# منتديات طلاب الجامعات الأردنية > English Forum >  Time Please

## M7MD

_Time Please_ 

_

Young Man: Sir, may I know the time, please?
Old Man: Certainly not.

Young Man: Sir, but why? What are you going to lose, if you tell me the time?
Old Man: Yes, I may lose something if I tell you the time.

Young Man: But Sir, can you tell me how?
Old Man: See, if I tell you the time you will definitely thank me and may be tomorrow again you will ask me the time.

Young Man: Quite possible.
Old Man: May be we meet two three times more and you will ask my name and address.

Young Man: Quite possible.
Old Man: One day you may come to my house saying you were just passing by and came into wish me.

Then as a courtsey, I will offer you a cup of tea.
After my courteous approach you will try to come again.This time you will appreciate tea and ask who has made it.?

Young Man: Possible
Old Man: Then I will tell you that my daughter has and I will then have to introduce my young and pretty daughter to you and you will admire my daughter.

Young Man: Smiles.
Old Man: Now onwards you will try to meet my daughter again and again. You will offer her to go out for a movie together and a date with you.

Young Man: Smiles
Old Man: My daughter may start liking you and start waiting for you.
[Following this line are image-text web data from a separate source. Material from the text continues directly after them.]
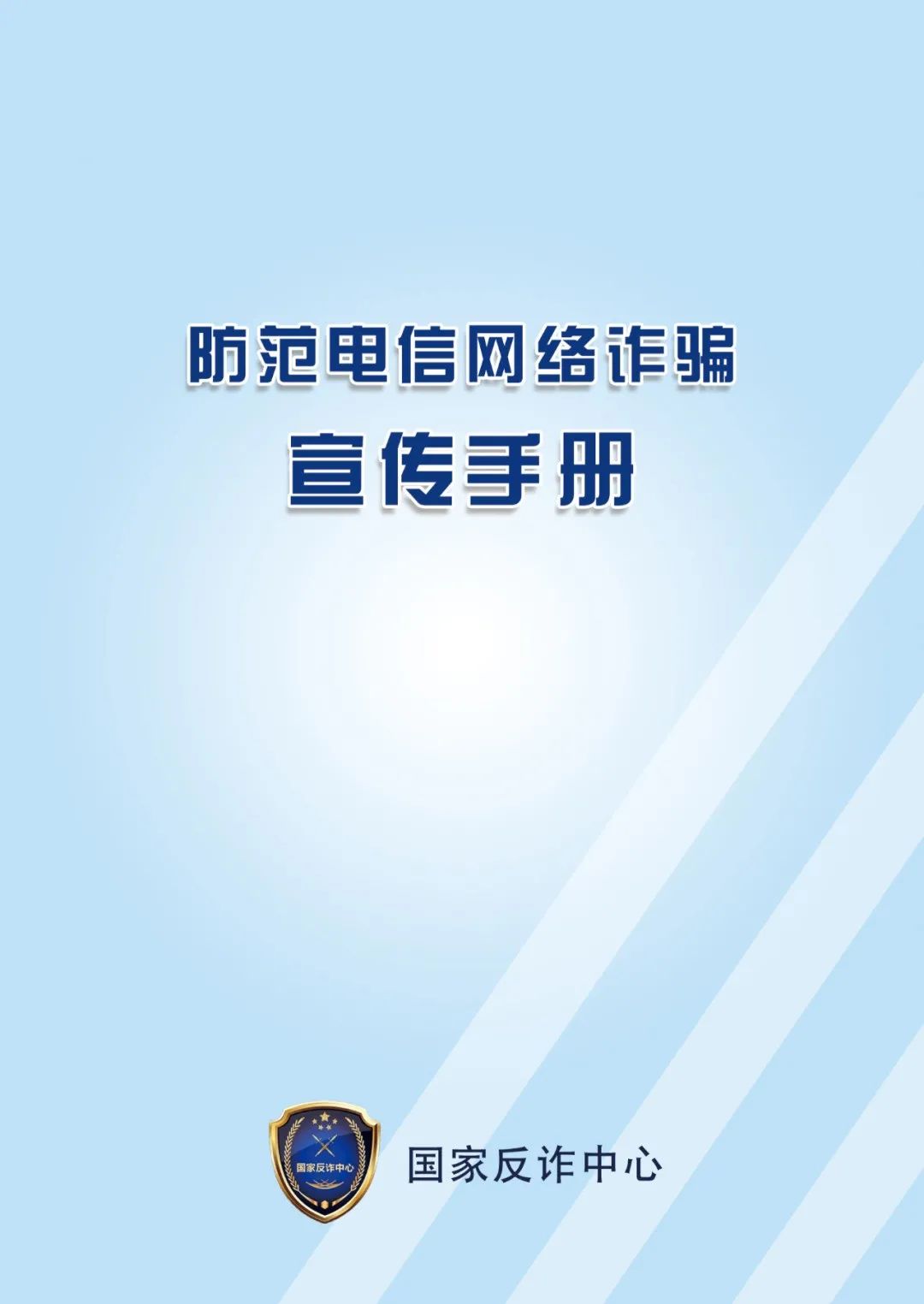 防范打击电信网络新型违法犯罪｜②国家反诈中心《防范电信网络诈骗宣传手册》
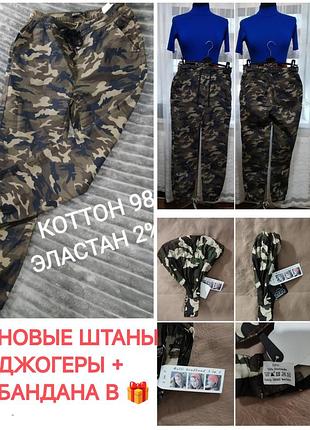 💖👍нові котонові джогери, спортивні штани, джинси
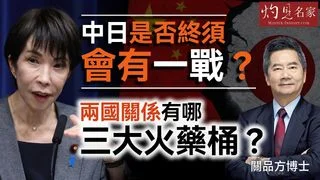關品方博士：中日是否終須會有一戰？ 兩國關係有哪三大火藥桶？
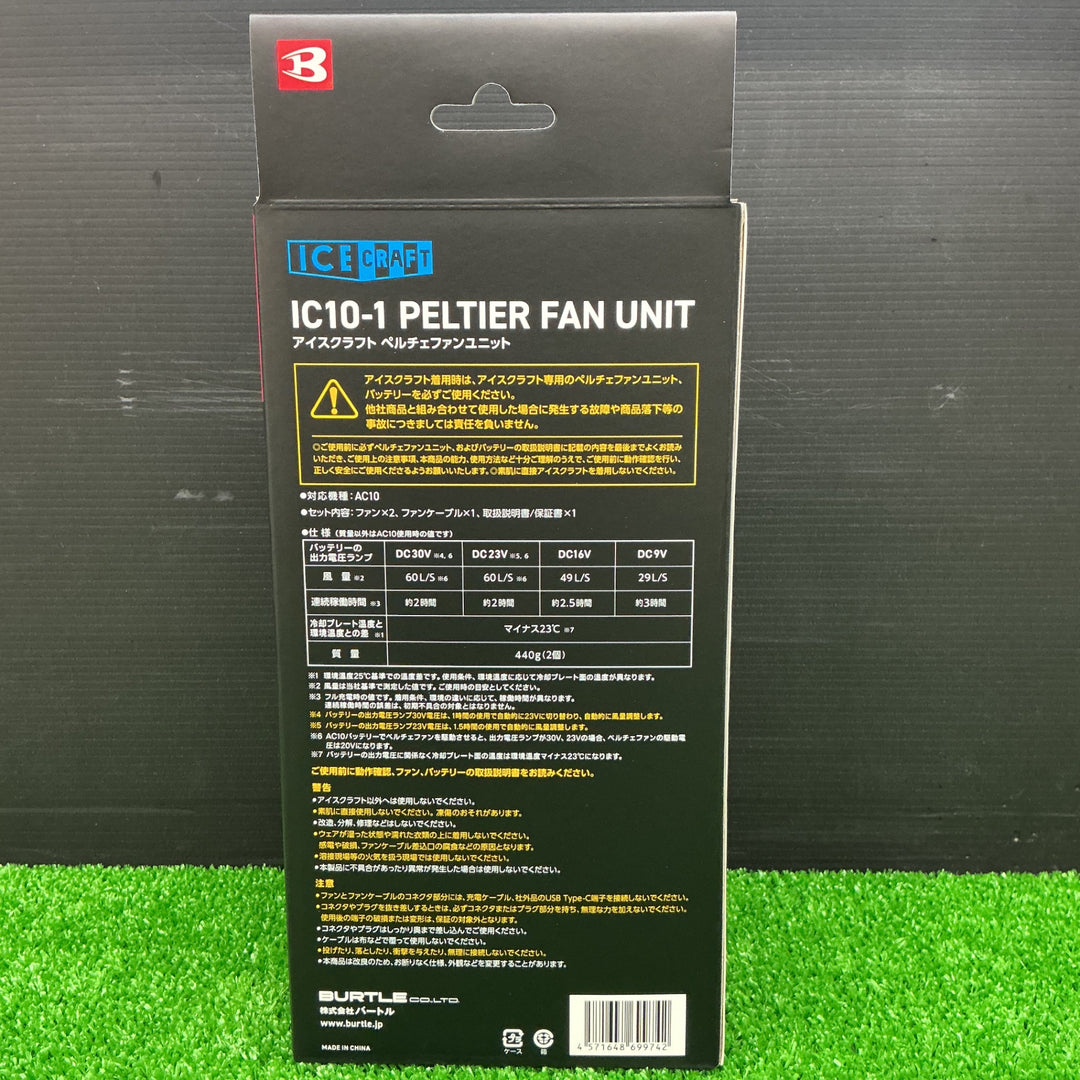 BURTLE バートル アイスクラフト ペルチェファンユニット ブラック IC10-1 35 F【電材館越谷店】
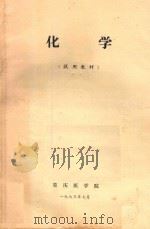 化学  试用教材   1973  PDF电子版封面    重庆医学院编著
After meeting regularly you will fall in love with her and propose her for marriage.

Young Man: Smiles
Old Man: One day both of you will come to me and tell me about your love and ask for my permission.

Young Man: Oh Yes! and smiles
Old Man: (Angrily) Young man, I will never marry my daughter to a person like you who does not even own a watch!_

----------


## M7MD

hehehehe
 :SnipeR (62):

----------


## معاذ القرعان

he madde story and married his daughter coz the boy didnt own watch
 :Db465236ff:   :Db465236ff:   :Db465236ff:    thaaaaaanx m7amad

----------


## Ammar Qasaimeh

Nice :Smile:

----------


## M7MD

welcome for ur signs

----------